**EXERCISE REQUIREMENTS:** Beginning with the line where "2026 Audi Q7 Premium Plus" appears, retype every remaining line of the data below, both the first and last included.

**INFORMATION SHOWN:**
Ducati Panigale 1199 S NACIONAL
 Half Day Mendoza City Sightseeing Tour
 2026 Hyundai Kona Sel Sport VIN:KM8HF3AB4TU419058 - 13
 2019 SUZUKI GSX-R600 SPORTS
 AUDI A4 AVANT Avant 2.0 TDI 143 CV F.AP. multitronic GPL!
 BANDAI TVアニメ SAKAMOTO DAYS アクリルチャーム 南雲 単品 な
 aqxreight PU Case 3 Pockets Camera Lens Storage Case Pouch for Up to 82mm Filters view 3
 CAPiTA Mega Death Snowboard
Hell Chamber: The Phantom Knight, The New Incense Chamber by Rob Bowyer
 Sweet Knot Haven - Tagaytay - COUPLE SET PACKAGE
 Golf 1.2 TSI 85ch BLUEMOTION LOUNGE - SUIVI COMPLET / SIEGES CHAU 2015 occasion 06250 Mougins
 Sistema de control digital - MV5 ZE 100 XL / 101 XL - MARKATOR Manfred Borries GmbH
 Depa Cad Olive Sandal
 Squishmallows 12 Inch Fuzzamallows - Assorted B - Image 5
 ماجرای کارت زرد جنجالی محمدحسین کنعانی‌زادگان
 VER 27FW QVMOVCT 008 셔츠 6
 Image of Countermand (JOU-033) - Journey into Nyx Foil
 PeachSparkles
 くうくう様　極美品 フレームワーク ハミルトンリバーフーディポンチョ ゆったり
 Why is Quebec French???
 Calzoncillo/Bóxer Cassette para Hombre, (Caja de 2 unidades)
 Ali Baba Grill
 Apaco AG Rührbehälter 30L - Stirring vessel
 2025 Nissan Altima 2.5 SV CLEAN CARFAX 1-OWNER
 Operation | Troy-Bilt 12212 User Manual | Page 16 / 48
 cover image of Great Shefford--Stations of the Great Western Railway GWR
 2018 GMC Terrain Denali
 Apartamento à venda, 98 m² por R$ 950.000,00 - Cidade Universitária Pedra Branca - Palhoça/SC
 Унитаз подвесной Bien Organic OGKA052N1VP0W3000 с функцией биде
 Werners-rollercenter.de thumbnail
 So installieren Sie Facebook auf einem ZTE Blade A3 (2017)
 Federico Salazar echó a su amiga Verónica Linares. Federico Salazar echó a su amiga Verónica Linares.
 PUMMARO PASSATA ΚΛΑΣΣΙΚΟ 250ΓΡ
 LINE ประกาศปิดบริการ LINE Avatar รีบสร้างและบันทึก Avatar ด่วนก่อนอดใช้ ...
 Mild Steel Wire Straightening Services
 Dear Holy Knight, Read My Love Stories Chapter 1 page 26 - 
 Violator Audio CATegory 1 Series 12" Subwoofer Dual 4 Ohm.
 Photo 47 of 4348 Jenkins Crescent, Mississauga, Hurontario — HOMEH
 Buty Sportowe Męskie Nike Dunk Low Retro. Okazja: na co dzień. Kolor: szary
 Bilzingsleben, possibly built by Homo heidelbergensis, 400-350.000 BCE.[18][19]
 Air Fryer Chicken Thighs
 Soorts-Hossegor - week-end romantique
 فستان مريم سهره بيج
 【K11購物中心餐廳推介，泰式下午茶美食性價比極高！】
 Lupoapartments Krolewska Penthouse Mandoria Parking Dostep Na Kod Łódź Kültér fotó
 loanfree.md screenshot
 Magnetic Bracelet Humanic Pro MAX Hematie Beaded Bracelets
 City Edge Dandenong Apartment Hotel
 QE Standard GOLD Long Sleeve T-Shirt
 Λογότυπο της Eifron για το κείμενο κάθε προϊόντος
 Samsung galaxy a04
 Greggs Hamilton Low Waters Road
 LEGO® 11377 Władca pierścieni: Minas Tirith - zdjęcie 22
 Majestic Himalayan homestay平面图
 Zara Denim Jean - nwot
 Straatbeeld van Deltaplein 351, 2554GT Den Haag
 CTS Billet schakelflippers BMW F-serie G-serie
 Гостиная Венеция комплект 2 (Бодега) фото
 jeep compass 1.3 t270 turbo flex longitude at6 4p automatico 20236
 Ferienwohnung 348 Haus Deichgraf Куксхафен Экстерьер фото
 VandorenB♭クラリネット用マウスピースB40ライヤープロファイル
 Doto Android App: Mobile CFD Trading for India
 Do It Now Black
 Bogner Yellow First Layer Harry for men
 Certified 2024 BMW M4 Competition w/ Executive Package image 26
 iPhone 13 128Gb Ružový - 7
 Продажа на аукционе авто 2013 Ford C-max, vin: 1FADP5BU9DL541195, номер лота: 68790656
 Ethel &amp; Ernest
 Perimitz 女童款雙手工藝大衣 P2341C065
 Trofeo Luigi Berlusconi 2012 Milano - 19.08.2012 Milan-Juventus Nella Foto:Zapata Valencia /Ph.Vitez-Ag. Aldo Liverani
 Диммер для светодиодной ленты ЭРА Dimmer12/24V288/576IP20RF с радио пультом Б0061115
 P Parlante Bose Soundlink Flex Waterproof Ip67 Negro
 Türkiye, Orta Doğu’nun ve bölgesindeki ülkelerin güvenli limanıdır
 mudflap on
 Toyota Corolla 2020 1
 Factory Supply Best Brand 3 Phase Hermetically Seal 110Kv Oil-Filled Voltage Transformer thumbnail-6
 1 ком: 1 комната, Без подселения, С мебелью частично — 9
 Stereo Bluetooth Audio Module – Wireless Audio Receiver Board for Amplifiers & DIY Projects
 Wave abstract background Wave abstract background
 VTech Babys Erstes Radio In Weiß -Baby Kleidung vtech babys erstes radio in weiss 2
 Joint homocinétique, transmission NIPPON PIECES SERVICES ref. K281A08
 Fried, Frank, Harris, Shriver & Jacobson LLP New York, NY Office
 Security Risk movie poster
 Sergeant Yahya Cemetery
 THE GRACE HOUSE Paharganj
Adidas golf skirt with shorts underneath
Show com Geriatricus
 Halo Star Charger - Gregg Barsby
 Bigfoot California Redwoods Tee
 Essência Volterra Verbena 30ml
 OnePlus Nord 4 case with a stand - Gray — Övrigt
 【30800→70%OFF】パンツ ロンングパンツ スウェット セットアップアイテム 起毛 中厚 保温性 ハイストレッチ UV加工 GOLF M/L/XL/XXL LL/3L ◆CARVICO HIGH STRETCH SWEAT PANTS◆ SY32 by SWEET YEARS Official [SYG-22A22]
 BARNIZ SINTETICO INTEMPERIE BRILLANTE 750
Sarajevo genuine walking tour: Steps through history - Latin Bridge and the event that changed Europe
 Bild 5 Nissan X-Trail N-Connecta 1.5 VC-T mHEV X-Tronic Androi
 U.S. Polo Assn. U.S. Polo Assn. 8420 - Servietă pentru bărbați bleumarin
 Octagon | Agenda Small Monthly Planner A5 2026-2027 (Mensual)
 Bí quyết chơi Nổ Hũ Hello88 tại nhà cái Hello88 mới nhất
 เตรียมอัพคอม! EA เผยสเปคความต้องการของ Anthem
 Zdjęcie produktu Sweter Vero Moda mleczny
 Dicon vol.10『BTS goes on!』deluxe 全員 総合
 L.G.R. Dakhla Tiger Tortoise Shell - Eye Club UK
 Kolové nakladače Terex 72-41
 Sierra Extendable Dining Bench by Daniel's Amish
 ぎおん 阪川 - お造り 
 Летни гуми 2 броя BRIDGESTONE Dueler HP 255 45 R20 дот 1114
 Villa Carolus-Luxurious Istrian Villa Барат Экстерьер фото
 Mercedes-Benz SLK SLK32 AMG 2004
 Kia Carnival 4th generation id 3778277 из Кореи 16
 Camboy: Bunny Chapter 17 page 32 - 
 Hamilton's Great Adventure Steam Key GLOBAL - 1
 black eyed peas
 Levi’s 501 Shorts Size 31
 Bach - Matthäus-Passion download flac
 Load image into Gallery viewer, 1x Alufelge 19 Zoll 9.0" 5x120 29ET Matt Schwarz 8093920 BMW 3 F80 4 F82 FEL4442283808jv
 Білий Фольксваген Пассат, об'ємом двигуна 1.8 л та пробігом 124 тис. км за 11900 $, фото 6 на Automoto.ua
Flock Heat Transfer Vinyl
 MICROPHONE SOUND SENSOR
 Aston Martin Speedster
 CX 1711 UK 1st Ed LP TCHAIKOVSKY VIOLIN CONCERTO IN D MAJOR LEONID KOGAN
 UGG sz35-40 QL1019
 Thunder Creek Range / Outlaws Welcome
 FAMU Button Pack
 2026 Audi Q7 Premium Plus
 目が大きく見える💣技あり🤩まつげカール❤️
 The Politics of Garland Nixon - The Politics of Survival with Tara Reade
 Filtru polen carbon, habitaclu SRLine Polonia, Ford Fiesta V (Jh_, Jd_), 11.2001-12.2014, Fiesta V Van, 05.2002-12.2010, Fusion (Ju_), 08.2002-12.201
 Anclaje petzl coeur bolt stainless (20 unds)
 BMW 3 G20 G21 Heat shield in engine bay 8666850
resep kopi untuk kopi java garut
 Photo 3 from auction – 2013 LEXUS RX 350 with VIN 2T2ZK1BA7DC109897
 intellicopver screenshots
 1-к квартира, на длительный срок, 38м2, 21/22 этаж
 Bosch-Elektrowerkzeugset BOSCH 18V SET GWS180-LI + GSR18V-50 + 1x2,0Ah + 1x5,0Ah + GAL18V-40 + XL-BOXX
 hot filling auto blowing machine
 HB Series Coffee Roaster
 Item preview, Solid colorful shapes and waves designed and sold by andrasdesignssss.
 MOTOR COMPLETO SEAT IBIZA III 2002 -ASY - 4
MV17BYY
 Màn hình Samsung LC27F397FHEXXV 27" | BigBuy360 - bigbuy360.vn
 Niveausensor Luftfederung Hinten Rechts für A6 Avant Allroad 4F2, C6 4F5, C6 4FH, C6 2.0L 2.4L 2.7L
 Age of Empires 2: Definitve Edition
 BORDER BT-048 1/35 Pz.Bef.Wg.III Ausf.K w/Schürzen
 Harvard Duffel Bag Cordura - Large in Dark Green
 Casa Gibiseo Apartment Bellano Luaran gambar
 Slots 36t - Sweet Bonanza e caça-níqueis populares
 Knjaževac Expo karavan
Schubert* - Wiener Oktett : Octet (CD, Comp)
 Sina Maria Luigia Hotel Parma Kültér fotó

**ANSWER SECTION:**
 2026 Audi Q7 Premium Plus
 目が大きく見える💣技あり🤩まつげカール❤️
 The Politics of Garland Nixon - The Politics of Survival with Tara Reade
 Filtru polen carbon, habitaclu SRLine Polonia, Ford Fiesta V (Jh_, Jd_), 11.2001-12.2014, Fiesta V Van, 05.2002-12.2010, Fusion (Ju_), 08.2002-12.201
 Anclaje petzl coeur bolt stainless (20 unds)
 BMW 3 G20 G21 Heat shield in engine bay 8666850
resep kopi untuk kopi java garut
 Photo 3 from auction – 2013 LEXUS RX 350 with VIN 2T2ZK1BA7DC109897
 intellicopver screenshots
 1-к квартира, на длительный срок, 38м2, 21/22 этаж
 Bosch-Elektrowerkzeugset BOSCH 18V SET GWS180-LI + GSR18V-50 + 1x2,0Ah + 1x5,0Ah + GAL18V-40 + XL-BOXX
 hot filling auto blowing machine
 HB Series Coffee Roaster
 Item preview, Solid colorful shapes and waves designed and sold by andrasdesignssss.
 MOTOR COMPLETO SEAT IBIZA III 2002 -ASY - 4
MV17BYY
 Màn hình Samsung LC27F397FHEXXV 27" | BigBuy360 - bigbuy360.vn
 Niveausensor Luftfederung Hinten Rechts für A6 Avant Allroad 4F2, C6 4F5, C6 4FH, C6 2.0L 2.4L 2.7L
 Age of Empires 2: Definitve Edition
 BORDER BT-048 1/35 Pz.Bef.Wg.III Ausf.K w/Schürzen
 Harvard Duffel Bag Cordura - Large in Dark Green
 Casa Gibiseo Apartment Bellano Luaran gambar
 Slots 36t - Sweet Bonanza e caça-níqueis populares
 Knjaževac Expo karavan
Schubert* - Wiener Oktett : Octet (CD, Comp)
 Sina Maria Luigia Hotel Parma Kültér fotó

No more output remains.